On l’appelle l’autoroute panarabe car, au moment du lancement de ce projet, dans les années 1960, elle devait relier le Liban à la Syrie, puis à l’Irak afin de rattraper l’axe routier Amman-Bagdad dans la région de Rutba. « C’est le premier grand chantier routier planifié du Liban, mais sa mise en œuvre a pris – et prend encore – beaucoup de temps », explique l’ingénieur Élias Hélou, du Conseil du développement et de la reconstruction (CDR), le maître d’œuvre. Le but de ce mégaprojet ? Désenclaver la région du Levant en l’adossant à un réseau routier rapide et moderne, qui facilite en particulier le transit des marchandises entre les différents États du Moyen-Orient. Côté libanais, la nouvelle autoroute doit courir sur 63 km entre Hadath (l’autoroute démarre à proximité de l’Université libanaise) et le poste frontière de Masnaa. « Il ne s’agit pas de la rénovation de l’actuelle route de Damas, mais bien de la mise en œuvre d’un axe totalement nouveau, même si celui-ci partage avec l’ancienne route quelques intersections et quelques échangeurs. » Une seule partie est pour l’heure achevée côté libanais : un axe de 5 km reliant Sofar à Mdeirej.
Pour le conducteur, l’avantage est évident : le temps gagné. La nouvelle M30 – son surnom parmi les experts – doit assurer un trajet entre Beyrouth et la frontière syrienne en 40 minutes contre deux à trois heures aujourd’hui sur la vétuste route de Damas. Zahlé devrait se trouver à moins d’une demi-heure de Beyrouth (et de Damas) contre une heure à une heure trente en moyenne actuellement. « La nouvelle autoroute permet d’ouvrir le pays tout entier à l’ensemble du Levant et du Golfe », se félicite Élias Hélou.
Zahlé a, en particulier, un besoin vital de faire revenir vers elle un trafic qui, depuis la guerre de 1975, la contourne au profit de Chtaura. Selon la municipalité, 30 % seulement des voitures, qui empruntent l’actuelle route de Damas en direction de la Syrie, transitent par Zahlé, contre 70 % avant la guerre de 1975. « En raccourcissant le trajet, l’autoroute panarabe peut redonner un coup de fouet à l’intérêt des investisseurs pour une région dont les prix des terrains reste encore très raisonnable si on les compare à ceux de Beyrouth », fait valoir le président de la municipalité de Zahlé.

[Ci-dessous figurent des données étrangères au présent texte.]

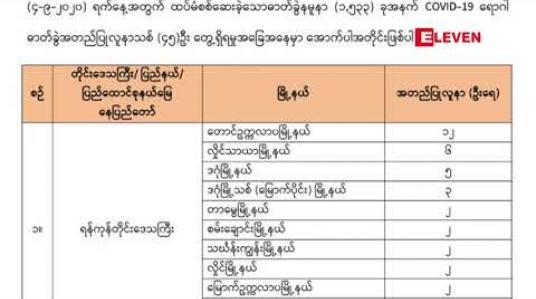 Embedded thumbnail for ရန်ကုန်မှ ၃၈ ဦးအပါအဝင် ၄၅ ဦးတွင် COVID-19 ရောဂါပိုး ထပ်မံတွေ့ရှိ 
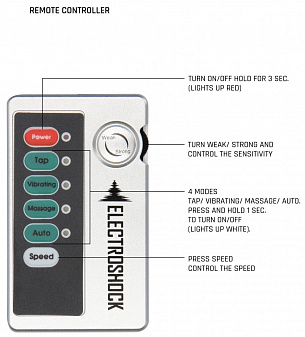     Electro Handcuffs Shots Media BV ELC016BLK -  5 265 .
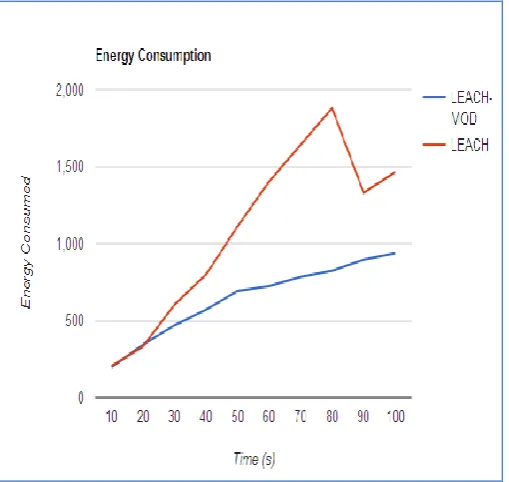 Figure 2 Simulation Time v/s Average Alive node 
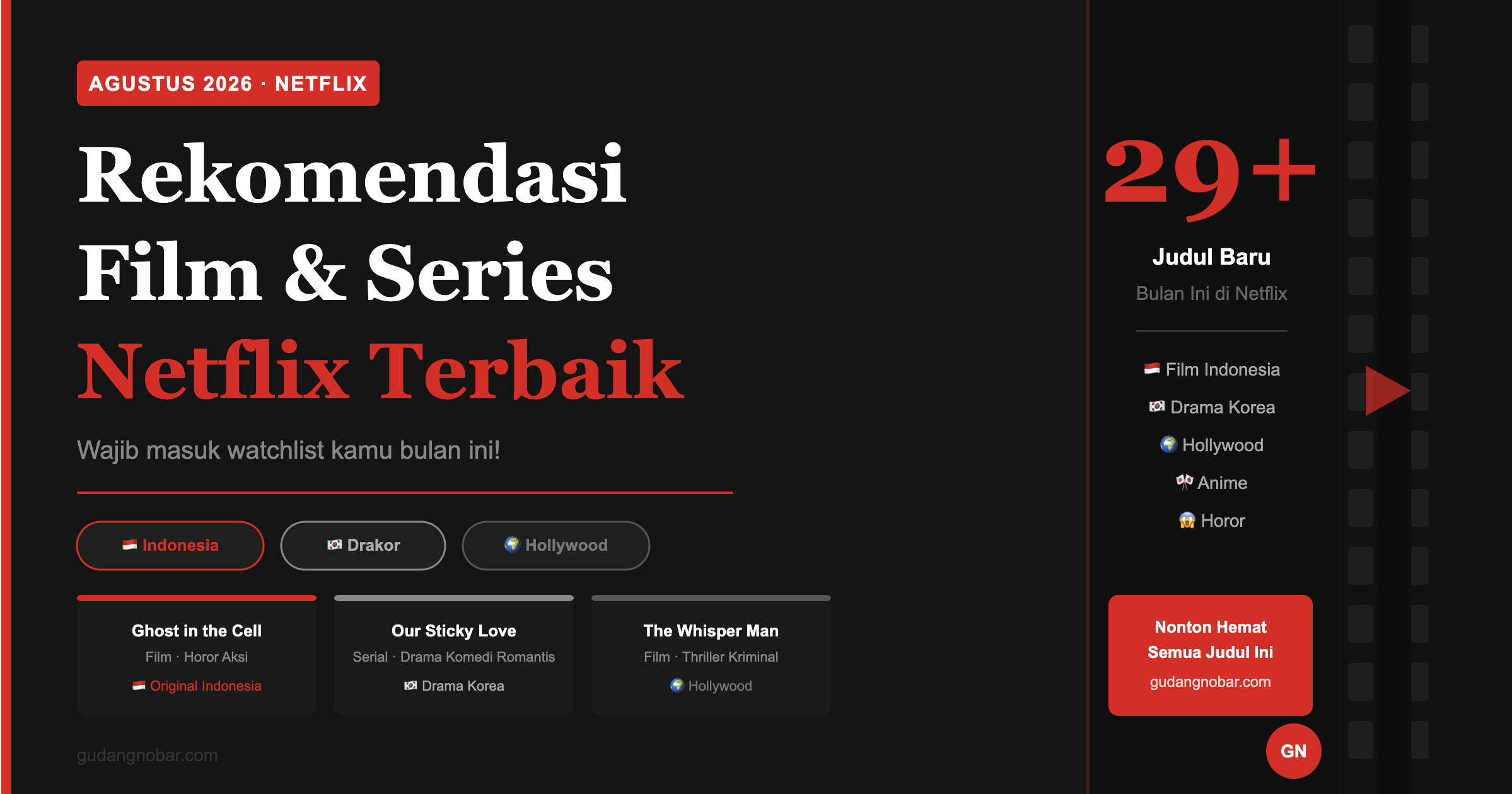 Rekomendasi Film & Series Netflix Agustus 2026 yang Wajib Masuk Watchlist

350 millions de dollars en tout
Pour l’heure, le seul tronçon (5 km sur les 63 km prévus) à avoir été achevé relie Sofar au pont de Mdeirej. Terminée en 2002 (le pont et une partie de la route ont toutefois dû être de nouveau reconstruits après la guerre de 2006), cette première partie a coûté 44 millions de dollars au gouvernement libanais.
Un deuxième tronçon de 25 km est aujourd’hui en chantier. Démarrés en 2007, les travaux se déroulent sur l’axe reliant Namliyé (lieu-dit juste après le col de Dahr el-Baïdar) à Masnaa. Les travaux devraient être achevés d’ici à fin 2015-début 2016, selon le calendrier du CDR. Estimé à environ 240 millions de dollars, son coût est financé par le gouvernement libanais, la Banque européenne d’investissement et des fonds saoudiens via notamment un prêt de l’Organisation des pays exportateurs de pétrole (Opep) et un don du royaume saoudien. « Il s’agit d’une autoroute à trois voies sur une portion non négligeable de son parcours, avec des bandes d’arrêt d’urgence et des routes de service », précise l’ingénieur. Plusieurs ponts et viaducs seront construits, dont un à Jdita, qui, achevé, sera le plus important du pays.
L’exécution d’un tronçon de 5 km entre Mdeirej et Namliyé attend encore des financements pour démarrer. Son coût est cependant chiffré à 35 millions de dollars. Pour que les 63 km de l’autoroute panarabe soient définitivement achevés, une dernière portion de 28 km entre Hadath et Mdeirej doit encore trouver un financement. « Nous ignorons le calendrier d’exécution pour ces deux derniers tronçons. »
Point-clé : Masnaa
À défaut de pouvoir finir les travaux de la future autoroute, le CDR se concentre désormais sur la rénovation du poste frontière de Masnaa. « L’objectif est d’améliorer le passage des marchandises entre les deux pays et de créer un nouveau poste frontière pour le transit des passagers », explique Élias Hélou. Pour l’heure, seule la première phase est en cours : il s’agit de l’agrandissement des parkings de stationnement pour les poids lourds affectés au transport de marchandises. En tout, Masnaa devrait pouvoir accueillir 200 à 250 camions sur ses nouvelles aires de stationnement contre une centaine actuellement. Coût de l’opération ? Quelque 23 millions de dollars, financés par le gouvernement libanais.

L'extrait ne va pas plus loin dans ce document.